- [Exercise] Return, exactly and with nothing added, the line with "Ağaç ve Kuşlar" together with all lines after it through the end of the data below. No pictures belong in the copy.

- [Data provided]
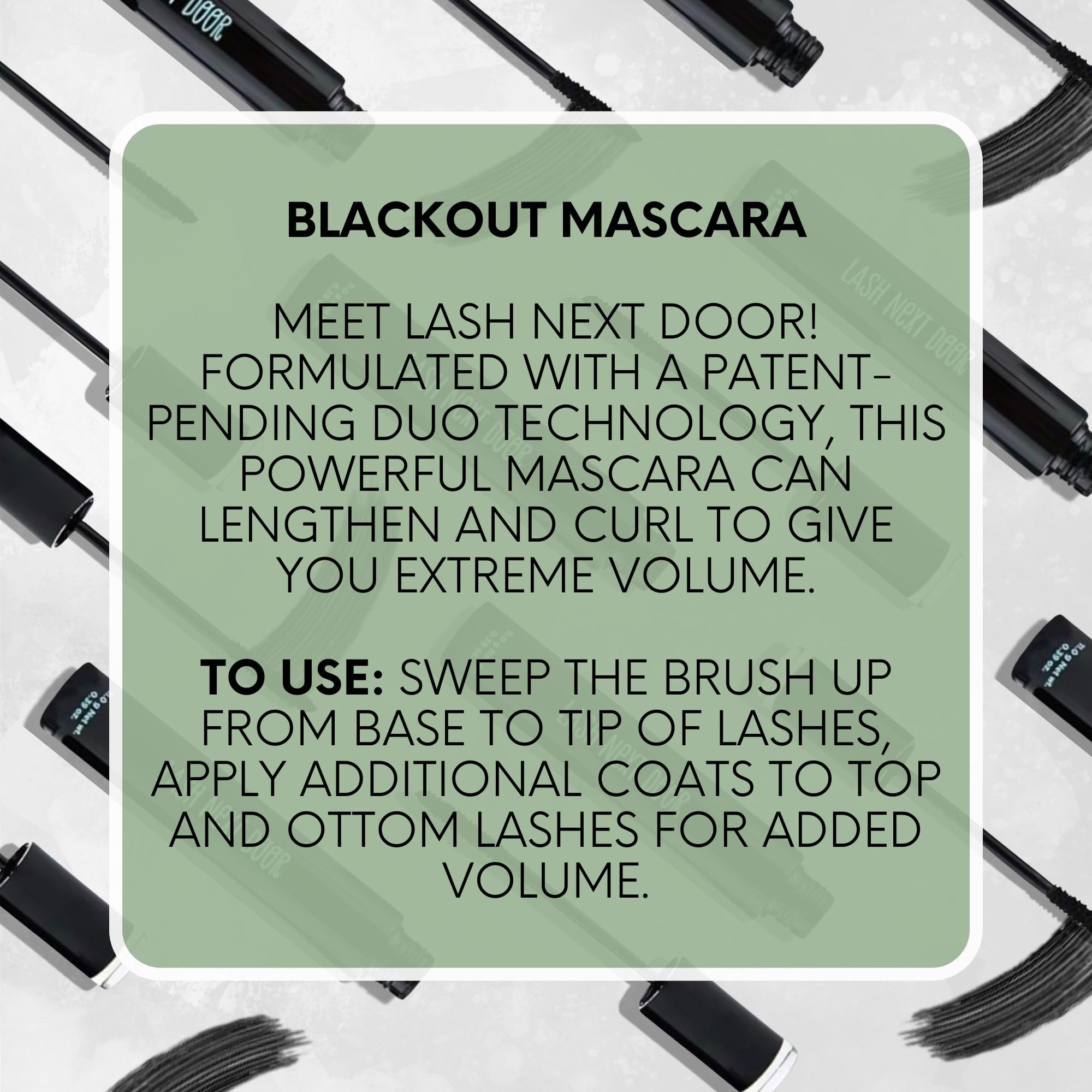 Lash Next Door Water Resistant Mascara – Black Volume & Length, Smudge-Proof, 2-Pack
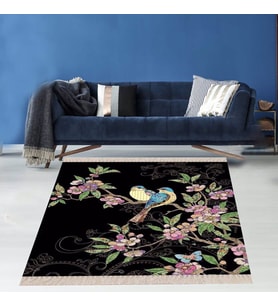 Ağaç ve Kuşlar Desen Dijital Baskı Yıkanabilir Modern Salon Halı ve Yolluk (Siyah)
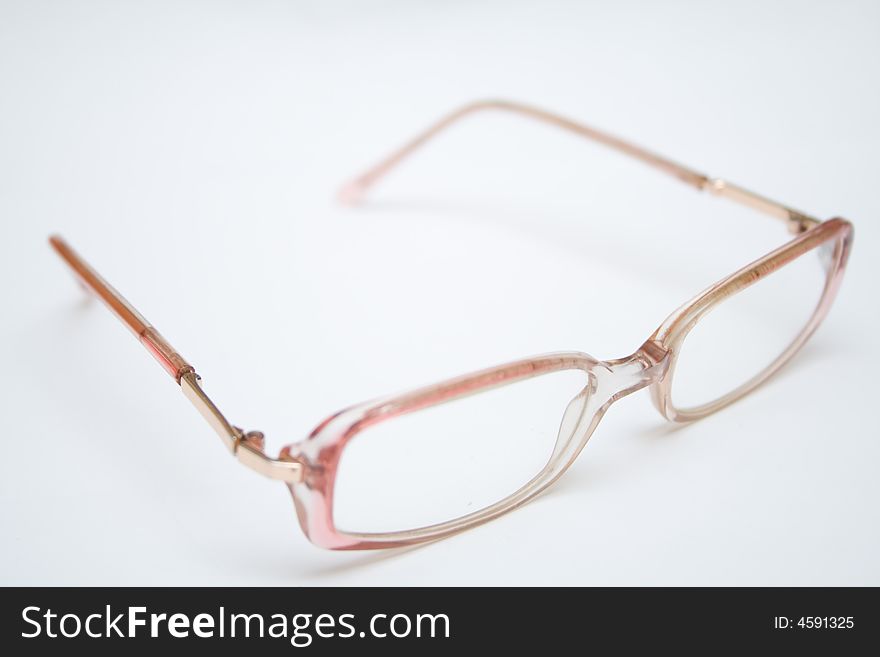 Modern eyeglasses over white background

- [Result of this exercise]
 Ağaç ve Kuşlar Desen Dijital Baskı Yıkanabilir Modern Salon Halı ve Yolluk (Siyah)
 Modern eyeglasses over white background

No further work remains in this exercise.